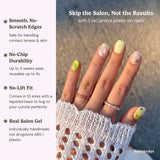 EyeCandys Garden Variety Press-On Nails, view 4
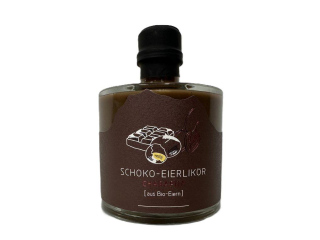 Charapita Schoko-Eierlikör 0,1L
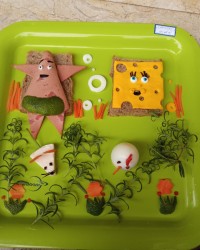 صبحانه ی سلامت (ورق بزنید ??)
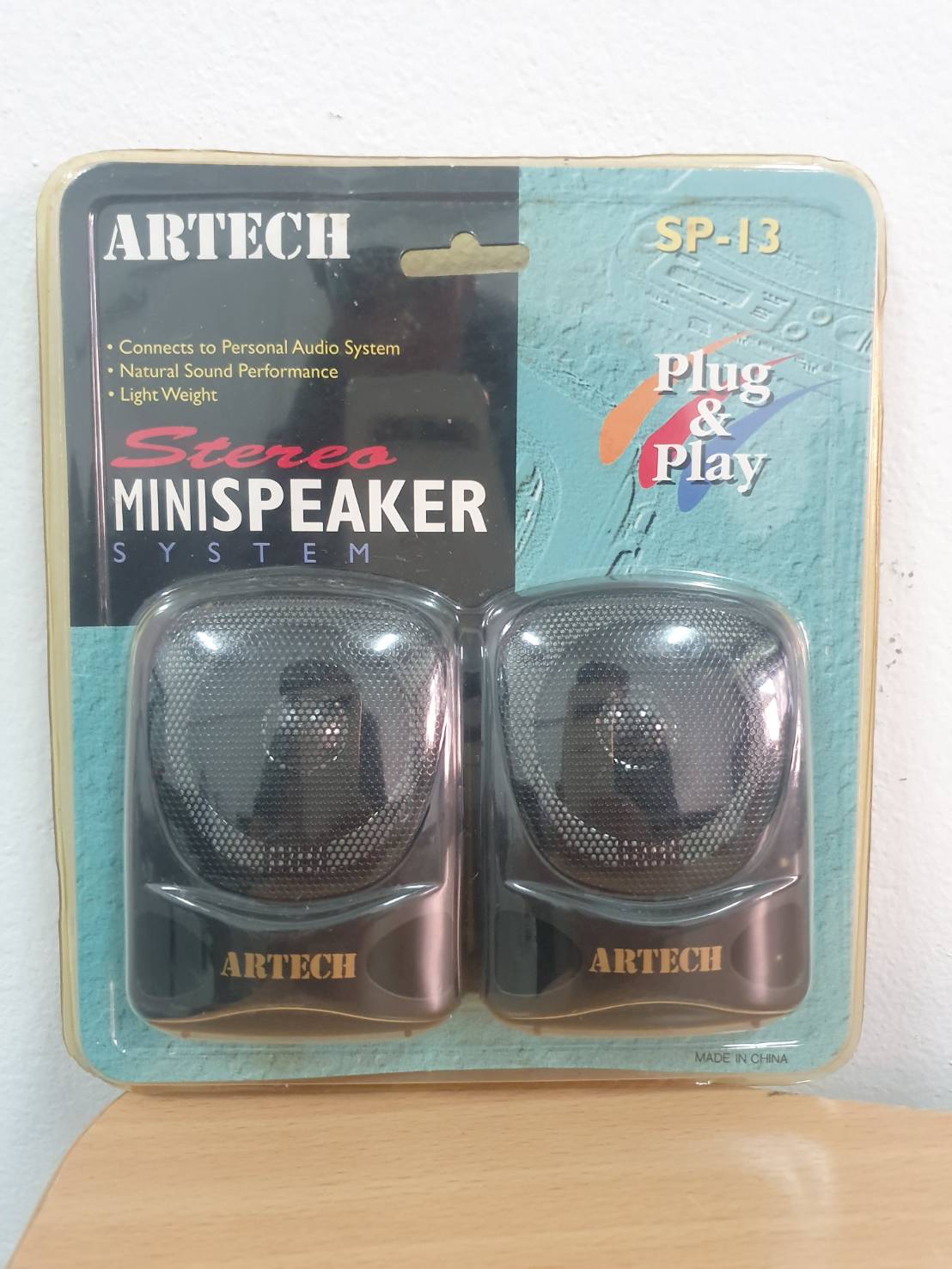 ลำโพงเล็ก MINI SPEAKER SP-13 ล้างสต็อค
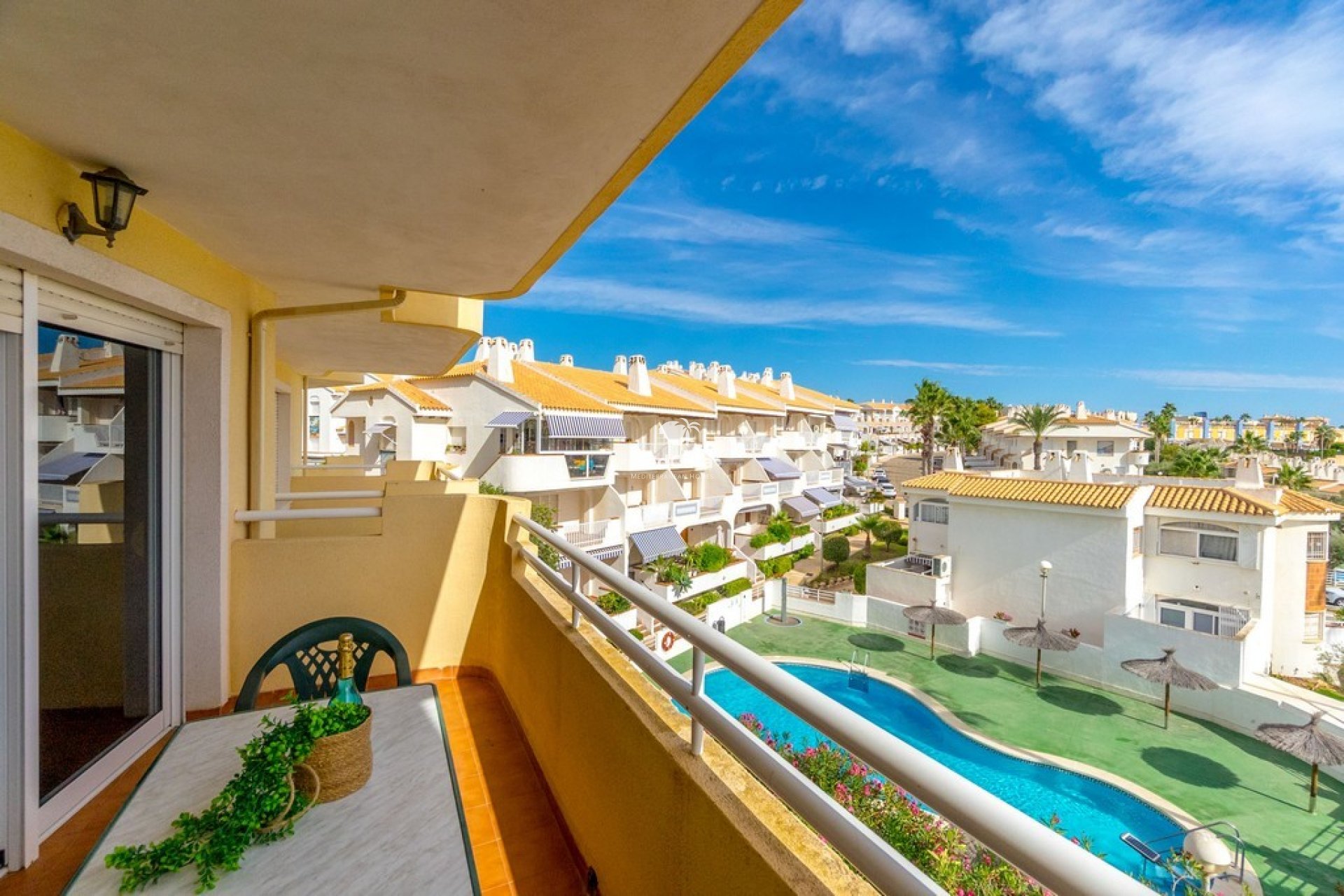 Wiederverkauf - Apartment -
Orihuela Costa - Campoamor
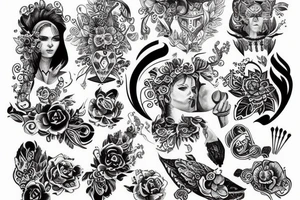 ukrainian tattoo idea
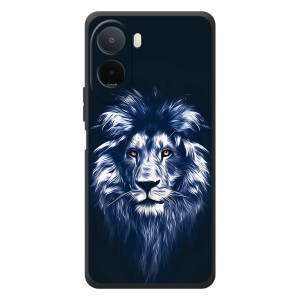 Чохол з картинкою ЛЕВ для Xiaomi Redmi A7 Pro (VPrint)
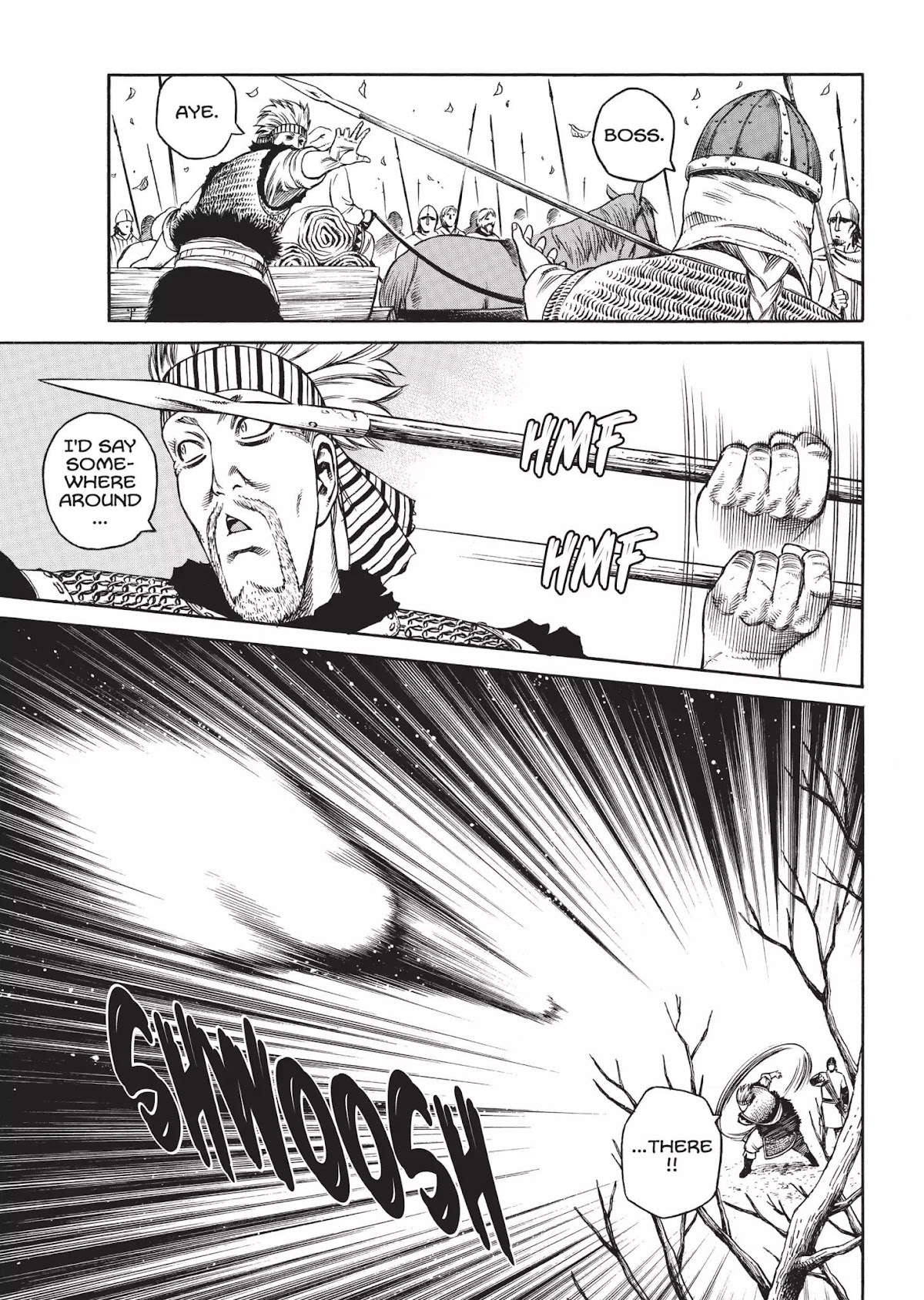 Vinland Saga Chapter 21 page 19 - Chapter 21: Valhalla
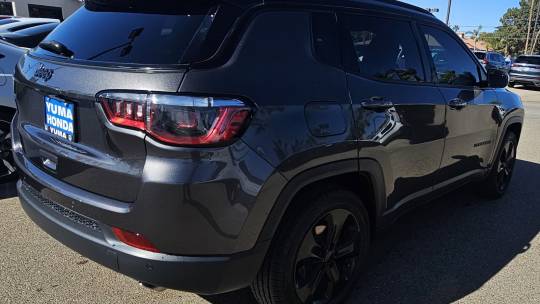 2021 Jeep Compass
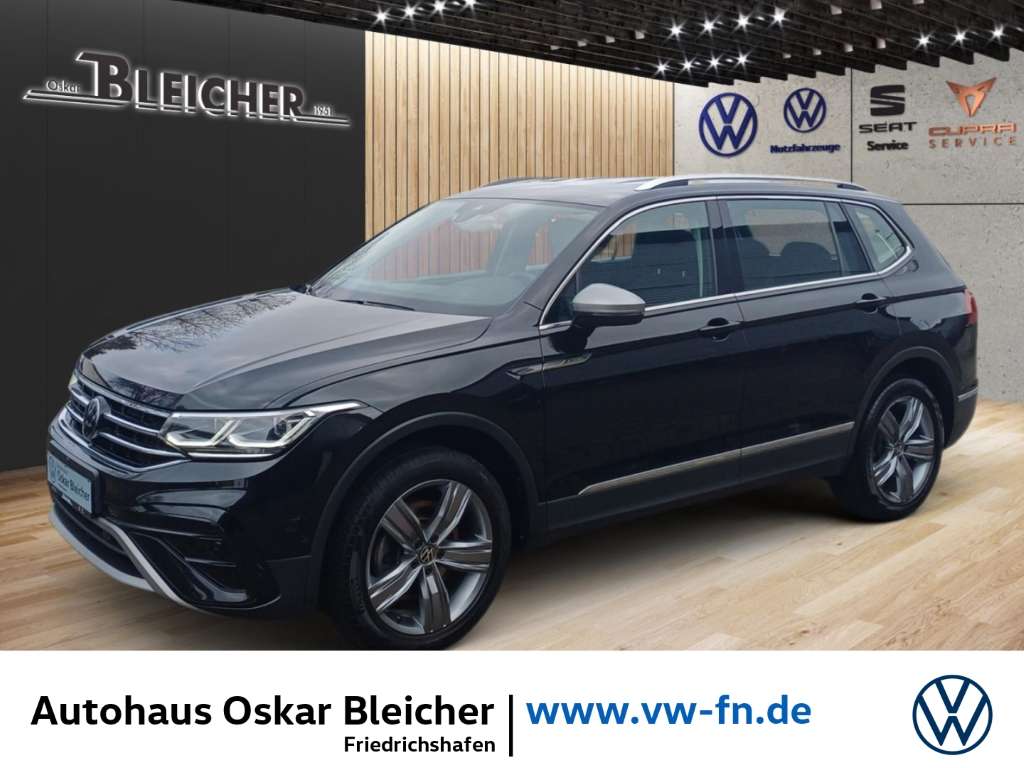 Second hand Volkswagen Tiguan Allspace 2.0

# # # # #

What you should do:
Reproduce the material word for word, pictures excluded.

Answer section:
 EyeCandys Garden Variety Press-On Nails, view 4
 Charapita Schoko-Eierlikör 0,1L
 صبحانه ی سلامت (ورق بزنید ??)
 ลำโพงเล็ก MINI SPEAKER SP-13 ล้างสต็อค
 Wiederverkauf - Apartment -
Orihuela Costa - Campoamor
 ukrainian tattoo idea
 Чохол з картинкою ЛЕВ для Xiaomi Redmi A7 Pro (VPrint)
 Vinland Saga Chapter 21 page 19 - Chapter 21: Valhalla
 2021 Jeep Compass
 Second hand Volkswagen Tiguan Allspace 2.0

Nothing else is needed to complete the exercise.